== EXERCISE DIRECTIONS ==
What must be written out is each line from the one holding "Sellos de Asia" through the end of the records, word for word, minus any pictures.

== GIVEN DATA ==
--------

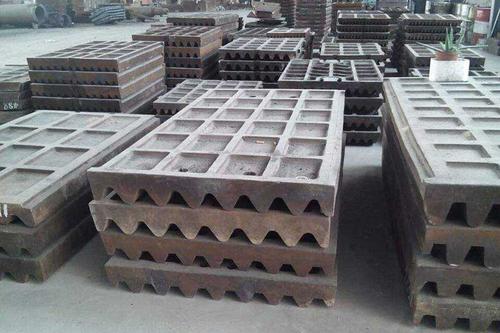 Fixed jaw plate 870*755*110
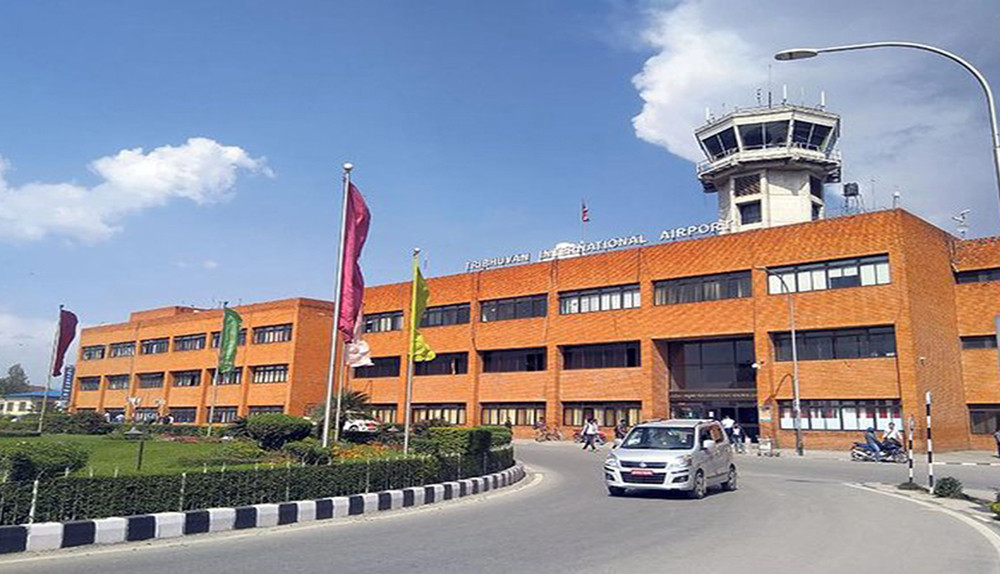 त्रिभुवन अन्तर्राष्ट्रिय विमानस्थल आसपासको क्षेत्रमा चंगा, ड्रोन र बेलुन नउडाउन निर्देशन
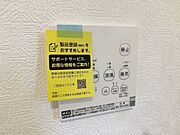 ≪同仕様写真≫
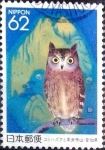 Sellos de Asia - Japn -  Scott#Z129 intercambio 0,75 usd 62 y. 1992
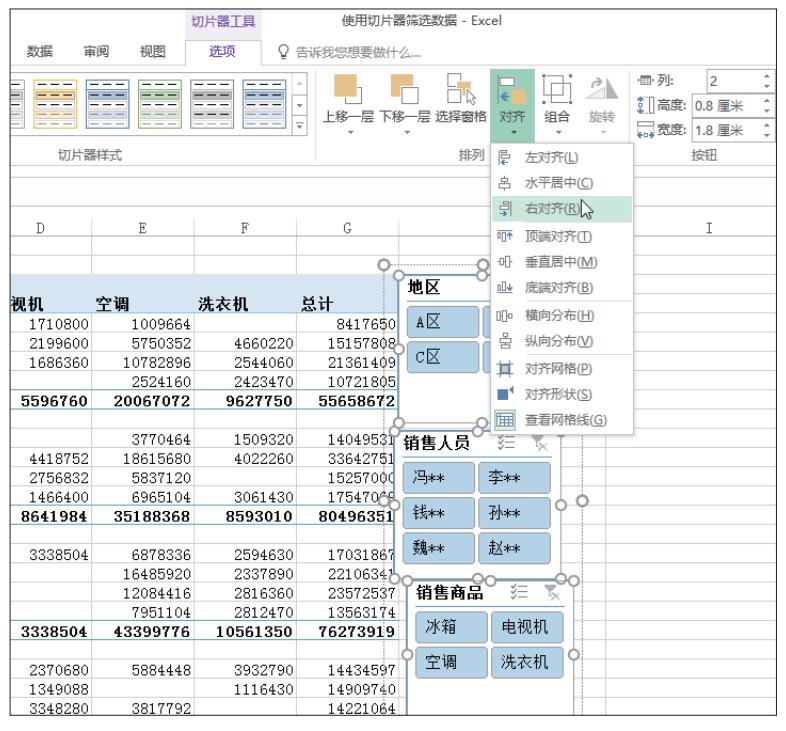 两个表如何筛选数据透视表教程,数据透视表筛选1和11怎么筛选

--------

== WRITTEN RESPONSE ==
 Sellos de Asia - Japn -  Scott#Z129 intercambio 0,75 usd 62 y. 1992
 两个表如何筛选数据透视表教程,数据透视表筛选1和11怎么筛选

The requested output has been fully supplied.